Please print the line that holds "Cutest Baby Animals" and each line after it to the end of the data, word for word, without any pictures.
-*-*-
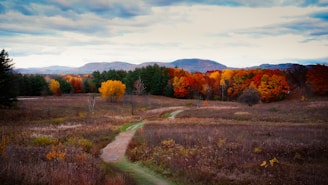 A scenic mountain trail winding through colorful autumn foliage.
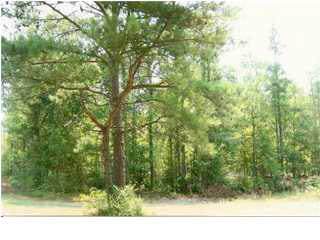 110 Highland View Drive - Photo 1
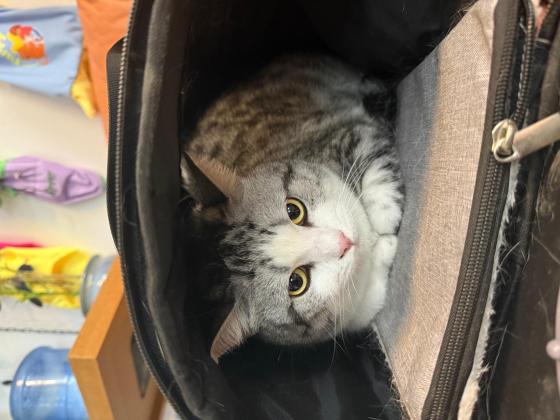 猫咪·起司·绵绵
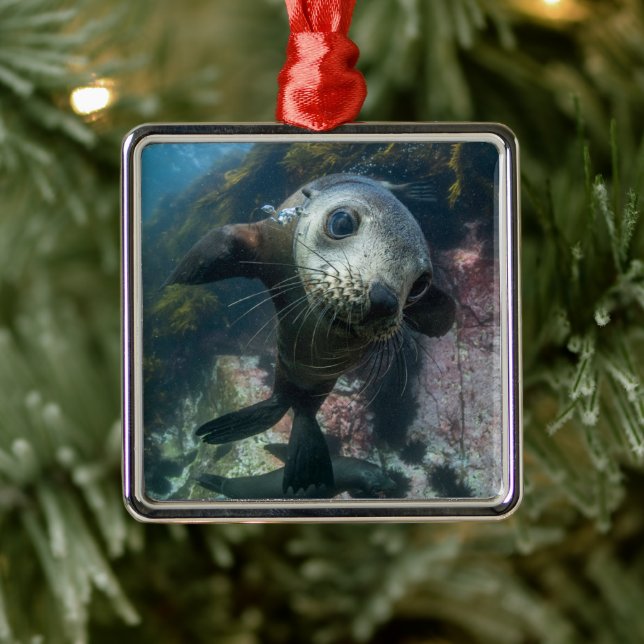 Cutest Baby Animals | Underwater Cape Fur Seal Metal Ornament (Tree)
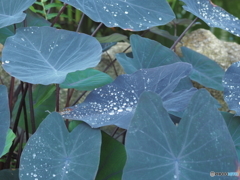 神代植物公園温室シリーズ1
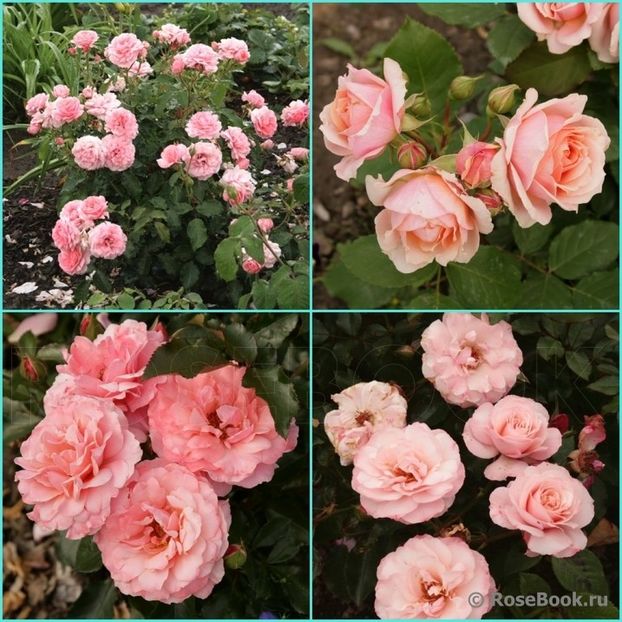 57416 (1) - Botticelli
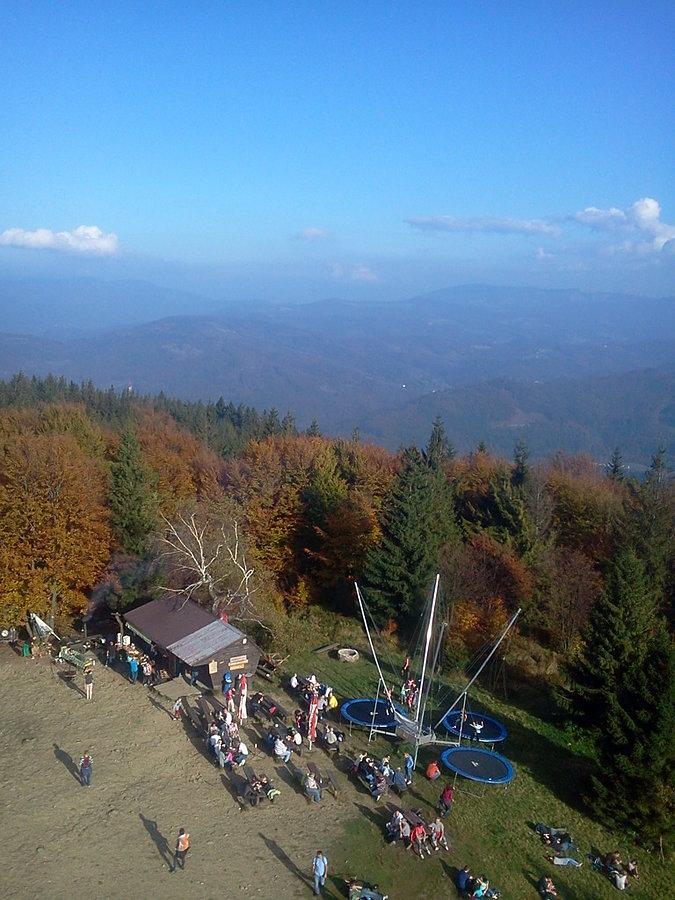 Widok z wieży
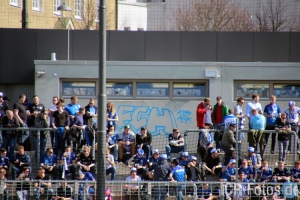 TSV 1860 München vs. SV Meppen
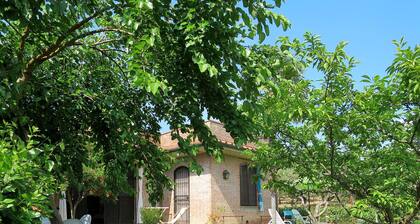 Podere Conte Francesco-La Palma by Interhome
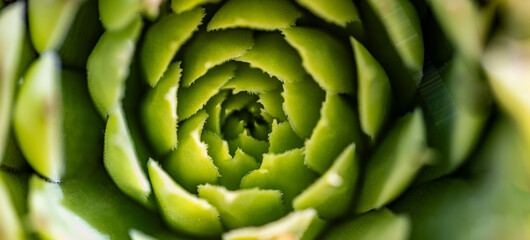 Panoramic macro view agave cactus, abstract summer natural pattern background, dark green toned. Artistic beautiful fresh green leaves highlighted by the sun. Top view of bright green succulent plant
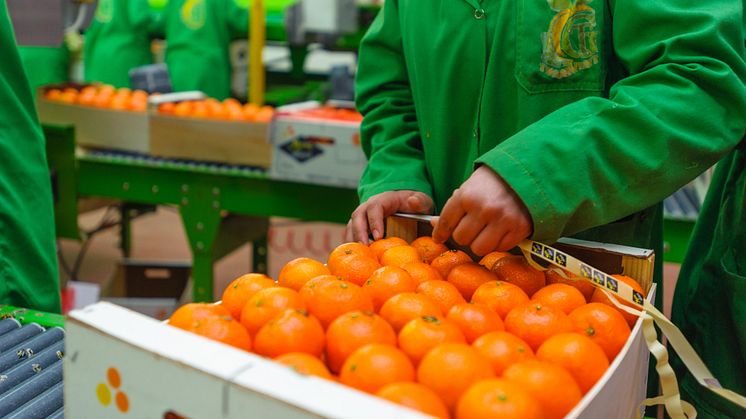  Women selecting and preparing mandarins for export. Location: Morocco ©OZ / Alamy Stock Photo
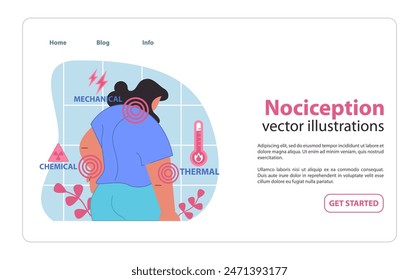 Ilustración de nicicepción. Visualización de la respuesta del cuerpo a estímulos mecánicos, químicos y térmicos. Percepción del dolor y señales sensoriales. Ilustración vectorial plana.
-*-*-
Written answer:
 Cutest Baby Animals | Underwater Cape Fur Seal Metal Ornament (Tree)
 神代植物公園温室シリーズ1
 57416 (1) - Botticelli
 Widok z wieży
 TSV 1860 München vs. SV Meppen
 Podere Conte Francesco-La Palma by Interhome
 Panoramic macro view agave cactus, abstract summer natural pattern background, dark green toned. Artistic beautiful fresh green leaves highlighted by the sun. Top view of bright green succulent plant
  Women selecting and preparing mandarins for export. Location: Morocco ©OZ / Alamy Stock Photo
 Ilustración de nicicepción. Visualización de la respuesta del cuerpo a estímulos mecánicos, químicos y térmicos. Percepción del dolor y señales sensoriales. Ilustración vectorial plana.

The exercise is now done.